Quando eu era criança conheci uma menininha. Nós estávamos com uns cinco anos e era o primeiro dia da pré-escola. Para que nossa amizade começasse bastou que ela apontasse para a cadeira ao lado pedindo que eu me sentasse. Até hoje apontamos para cadeira ao lado, como quem diz uma à outra "senta aqui, me fala sobre você".
Ela fazia ballet. E nas nossas brincadeiras em que Ken e Barbie tinham muitos filhos, um dia perguntei quantos ela queria ter. Que menininha de cinco anos não pensa nos filhos que terá? Ela não. Respondeu que não teria nenhum, porque bailarinas não podiam ser mães. Inclusive, bailarinas não podiam fazer nada que estragasse o corpo, porque precisavam ser magras. Bailarinas, inclusive, nem poderiam casar, porque o marido poderia atrapalhar a carreira. Só a bailarina que não pode.
Fiquei chocada. Eu que tinha sete bonecas, cada qual com seu nome, seu berço, sua roupa de dormir. Eu que tinha devaneios com o dia em que aquelas bonecas seriam substituídas por bebês de verdade, que pensava quem seria o moço que cuidaria destes pretensos bebês junto de mim. Eu e minha amiga éramos e somos bem diferentes, e continuamos durante algum tempo brincando com barbies, bonecas, amarelinhas e tudo aquilo que existia para se fazer de conta alguma coisa.
Crescemos amigas, mas ela cresceu mais rápido.
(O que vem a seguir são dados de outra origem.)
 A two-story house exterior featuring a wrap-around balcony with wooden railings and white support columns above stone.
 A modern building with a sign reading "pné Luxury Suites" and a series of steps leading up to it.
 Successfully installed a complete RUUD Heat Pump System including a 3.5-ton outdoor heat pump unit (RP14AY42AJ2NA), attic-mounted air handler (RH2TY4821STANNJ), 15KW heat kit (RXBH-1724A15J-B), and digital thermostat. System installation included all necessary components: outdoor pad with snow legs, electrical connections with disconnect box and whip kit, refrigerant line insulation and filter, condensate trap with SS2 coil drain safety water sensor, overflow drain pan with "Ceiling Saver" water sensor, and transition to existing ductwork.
Eu queria ficar criança por mais tempo, ela começou a namorar e não continuou bailarina. E durante muito tempo, eu continuei querendo muitos filhos, casar aos 24 anos e ser veterinária.
Hoje eu tenho vinte e cinco e daqui a dois meses, faço vinte e seis e a origem do meu feminismo começou há tão pouco tempo que tenho vergonha de contar.
Há dois anos e meio eu saí da faculdade de psicologia pronta para ir morar em Buenos Aires, onde eu faria um mestrado. Meu então namorado foi comigo. Lá havia alguma coisa muito errada, que me causava tal desconforto que não parecia certo eu permanecer por lá. Estava triste e com a sensação de que ali eu não cresceria, continuaria uma criança e brincaria de casinha com ele. Comecei a não botar mais fé no namoro e comecei a pensar no que eu poderia fazer para que a minha vida tomasse um rumo diferente daquele. Eu queria trabalhar.
Voltei pro Brasil chateada. Não queria tê-lo deixado para trás, mas o que aconteceu no decorrer do tempo é hoje mais que suficiente para mostrar que foi uma escolha acertada. Continuei gostando muito dele e namoramos durante um bom período, todo o que ele ficou lá, já que resolveu ficar. E nesse tempo eu cresci. A despeito do que eu tinha pensado que seria a minha vida, comecei a me notar mais companheira de mim mesma. E mais fazendo o possível para não ir contra o que eu queria, o que acreditava. E por isso consegui pelo menos uma parte do que busquei quando decidi deixar aquele que tinha sido o amor da minha vida pra trás.
Durante muito tempo, comer sozinha era penoso. Hoje eu faço uma refeição para mim mesma e como com o mesmo prazer que comeria se estivesse com outras pessoas. Notar que estar com uma pessoa em quem você não pode apostar a sua coleção de papéis de carta, fez a diferença nesse sentido. Notar que posso sim esperar e esperar enquanto seja necessário por aquele que nunca tentaria que eu fosse outra coisa que não eu, também fez a diferença. Não sentir medo durante esse tempo, tem a ver com a origem do meu feminismo: essa vontade de ser mulher a despeito de ter ao meu lado quem me afirme isso. Aliás, hoje tenho pra mim, que prefiro mesmo um homem que se sinta atraído por uma dessas que já são mulheres antes que eles lhes contem esse grande segredo.